# Lutron Maestro Dimmers



## shaker480 (Apr 1, 2009)

I have a customer that wanted these dimmers with compact dimmable CFL par 40 bulbs which where designed for these dimmers. my problem is when power is turned on the dimmer cycles on and off. the only way i can stop this is putting 1 incandescent bulb in a room with the rest of the CFL's. I was told also that i could add a resistor in parallel with one of the lights. Does anybody have any ideas????:001_huh:


----------



## Dennis Alwon (May 9, 2009)

shaker480 said:


> I have a customer that wanted these dimmers with compact dimmable CFL par 40 bulbs which where designed for these dimmers. my problem is when power is turned on the dimmer cycles on and off. the only way i can stop this is putting 1 incandescent bulb in a room with the rest of the CFL's. I was told also that i could add a resistor in parallel with one of the lights. Does anybody have any ideas????:001_huh:


The only way to dim CFL with a lutron dimmer is you must match a bulb to the dimmer.
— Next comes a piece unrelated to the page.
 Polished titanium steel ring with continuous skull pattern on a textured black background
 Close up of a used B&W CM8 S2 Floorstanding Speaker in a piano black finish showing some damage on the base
Call Lutron tech support and I believe they will tell you that a specific Phillips bulb is the only CFL that will work with their dimmer. It may have to be a certain dimmer also- not certain.


Read this


Tech support
1.800.523.9466 (24/7)


----------



## Hivoltage98 (Dec 17, 2010)

You can use a dimmer with a neutral, which I believe the maestro series doesn't have or use a dummy load which Lytton carries, I have the same cfl lamps and they Suck. Definitely go with led, much better to dim, and last at least 10,000 hours.


----------